InfoQ Homepage Articles Multi-Cloud Observability Using Fluent Bit

Multi-Cloud Observability Using Fluent Bit

Key Takeaways

  • Fluent Bit allows us to address cost management and compliance considerations that are key to multi-cloud observability.
  • Organizations rarely run cloud-native solutions alone, so any tool that seeks to unify observability, such as Fluent Bit, needs to work well with a wide range of technologies and implementation strategies.
  • Fluent Bit offers cloud neutrality and the ability to work with cloud vendor services, which are important features for enabling multi-cloud observability.
  • Fluent Bit provides the means to support different teams with different specialized observability tools to maximize the value of an organization' multi-cloud operations.
  • Monitoring and observability technologies and techniques have significantly improved in the last decade. Fluent Bit provides the capabilities to embrace these changes in an undisruptive manner.

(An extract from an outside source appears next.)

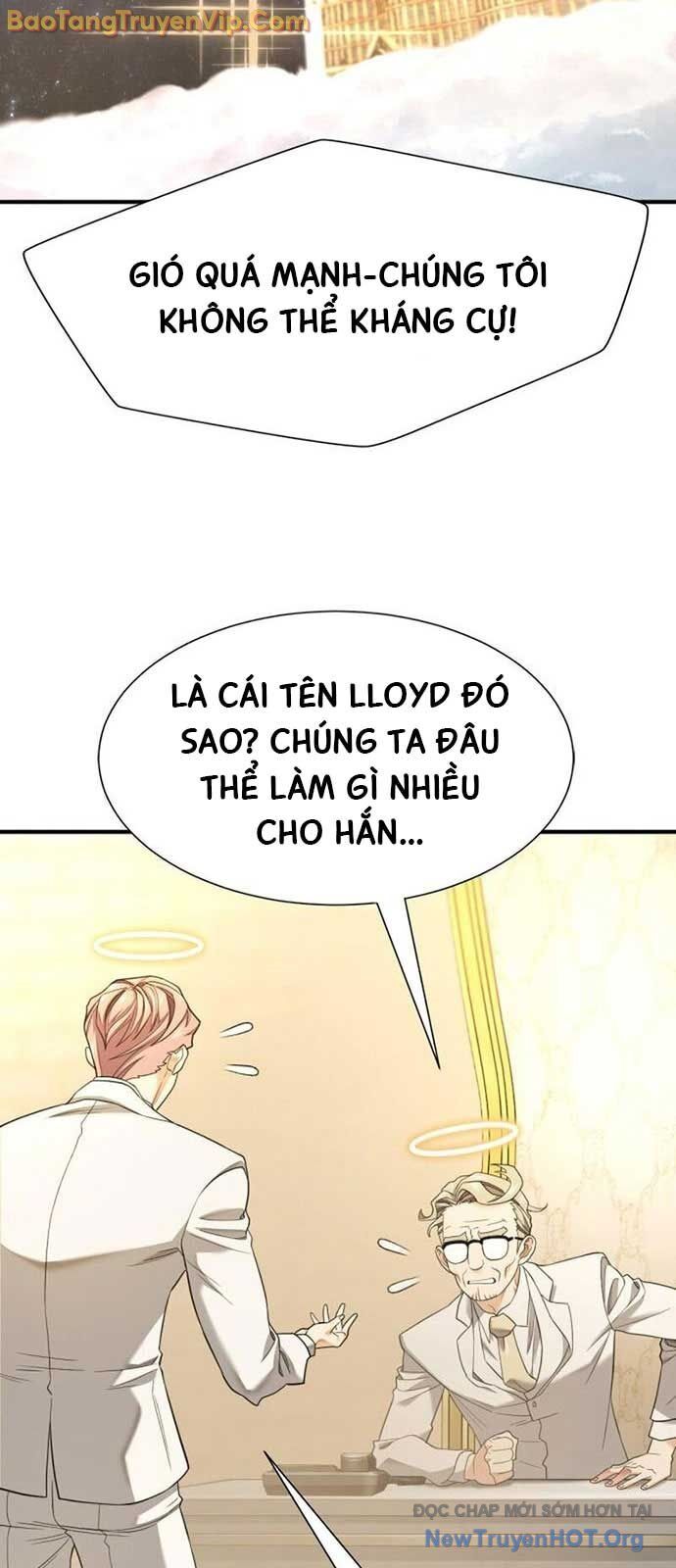 Kĩ Sư Bá Nhất Thế Giới - Chapter 194.2 - Page 7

Multi-cloud and hybrid IT operations are no surprise—while the hyper scalers would rather you keep your workloads on their cloud, it isn’t practical. After all, different clouds have different pros and cons. Sometimes, it isn’t the different features that can drive the selection of clouds. Fluent Bit is part of the Fluent CNCF project that provides the capabilities to gather observability data (representing the classic three pillars of logs, traces, and metrics) and then transform, filter, and route these events to appropriate tools. So before we consider Fluent Bit’s role in a multi-cloud scenario, let’s step back and look at the drivers and challenges involved in a multi-cloud.

Divergence and Autonomy

For larger organizations, a multi-cloud approach doesn’t always come from strategic planning and trying to align everything to individual vendors to maximize purchasing power. Mergers and acquisitions have traditionally been cited (for example, in this article by Thoughtworks) as one of the drivers for multi-cloud. However, probably more common situations come from local or gray IT making localized choices and when departments or business units have a level of autonomy. While autonomy lends itself well to agility, it can present challenges, particularly when a local solution gains traction and gets broader adoption within the organization or is identified as not fully aligned with the wider organization’s compliance obligations.

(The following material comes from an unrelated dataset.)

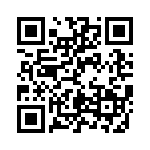 LDA50F-12-SNY QRCode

Figure 1:  How a localized solution can evolve to need enterprise-level support

Bringing localized operational processes into the organization’s wider operations can be a source of tension. Operationally, the local team will be happy working with their tools, but specialist teams like security will use their tools to manage wider visibility and understand cause and effect. Not only that, but these other teams may also well be working on different clouds. Herein lies one of the many benefits of technologies that allow observability data to be routed to various tools (an aspect of Fluent Bit we’ll touch upon shortly).

Distributing the observability data can help resolve challenges by enabling different teams to use their preferred tooling. This tooling can be deployed in different clouds, with the corporate-wide/centralized capabilities typically hosted on strategic cloud platforms.

Cost Efficiencies

Regardless of how an organization has arrived at a multi-cloud situation, it needs to have an end-to-end understanding of its IT to recognize when there is an issue and what is cause and effect.

Central IT teams are often seen as an overhead, so there is constant pressure to do more with less. This can be from operational processes to security. Consequently, any improvements that make life quicker and easier are positive—from consolidating common observability tools and dashboards to enabling faster recognition of issues or identifying when to apply preventive actions. Fluent Bit, as we’ll see, can help simplify these challenges. But simply consolidating all our observability data from multiple clouds can be expensive; logs and traces can be voluminous, and metrics are often generated at high frequency. All of this creates network costs, particularly data egress, and even if we’re looking at cents per hour per service, it builds up quickly. So we need to find an effective strategy—another area Fluent Bit can help us with.

Fluent Bit

It is worth looking at the background of FLuent Bit to understand how it can help us, as this gives us insight into some of its important characteristics. Fluent Bit comes from the same CNCF project as Fluentd, and in the early years of Fluentd and as part of the CNCF landscape, it was very much the "little brother." Fluent Bit was ideal for the Internet of Things use cases with a very small footprint. It could gather logs and pass them on to be processed—often via its sibling. But Fluent Bit has stepped out from its sibling’s shadow in the last few years. This has been driven by the cloud-native focus on having smaller, more efficient executables. Fluent Bit is built with C and extensible using C,  Go, and WASM, both creating native binaries and being customizable using LuaJIT.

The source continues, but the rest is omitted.